The people who live on Molokai are very much aware of this idea and ideal. They keep to the old ways and resist what they consider to be too much deviation from the traditions that preserved the island for centuries.
The island has one of the largest heiau, temple platforms, in the Pacific, a four-tiered stack of sacred stone where novices were trained and human sacrifice was practiced. This heiau, known as li'ili'opae, dates from between 1100 to 1300. It is up to 22 feet high, 87 feet wide and 286 feet long. Legend says it was built in a single night by menehune, who carried stones in the dark from a valley across the island.
Molokai is the fifth-largest island in the Hawaiian chain, with a total land area of 261 square miles.

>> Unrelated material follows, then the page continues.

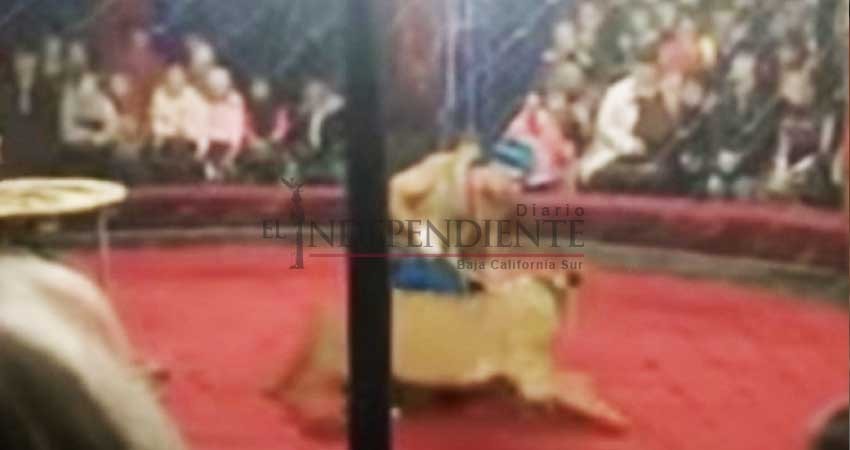 Leona ataca a niña durante espectáculo de circo en Rusia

One woman, who married a Molokai man and lived on the island for a number of years before moving away to better job opportunities, says, "Everybody Molokai accepts is Hawaiian. It does not matter what their birth certificate says." The key phrase in that is, "Molokai accepts." Not everyone who comes to this island is accepted, but those who are enfolded in the warmth of the people and the sanctuary and refuge offered by this place never forget the beauty of Molokai.
The people and the island are unpretentious. Aloha hasn't gone plastic. There is an innate warmth and integrity in the people and their simple lifestyle. Molokai is just what it is: a place where the old ways are remembered and still followed, and a place of incredible beauty.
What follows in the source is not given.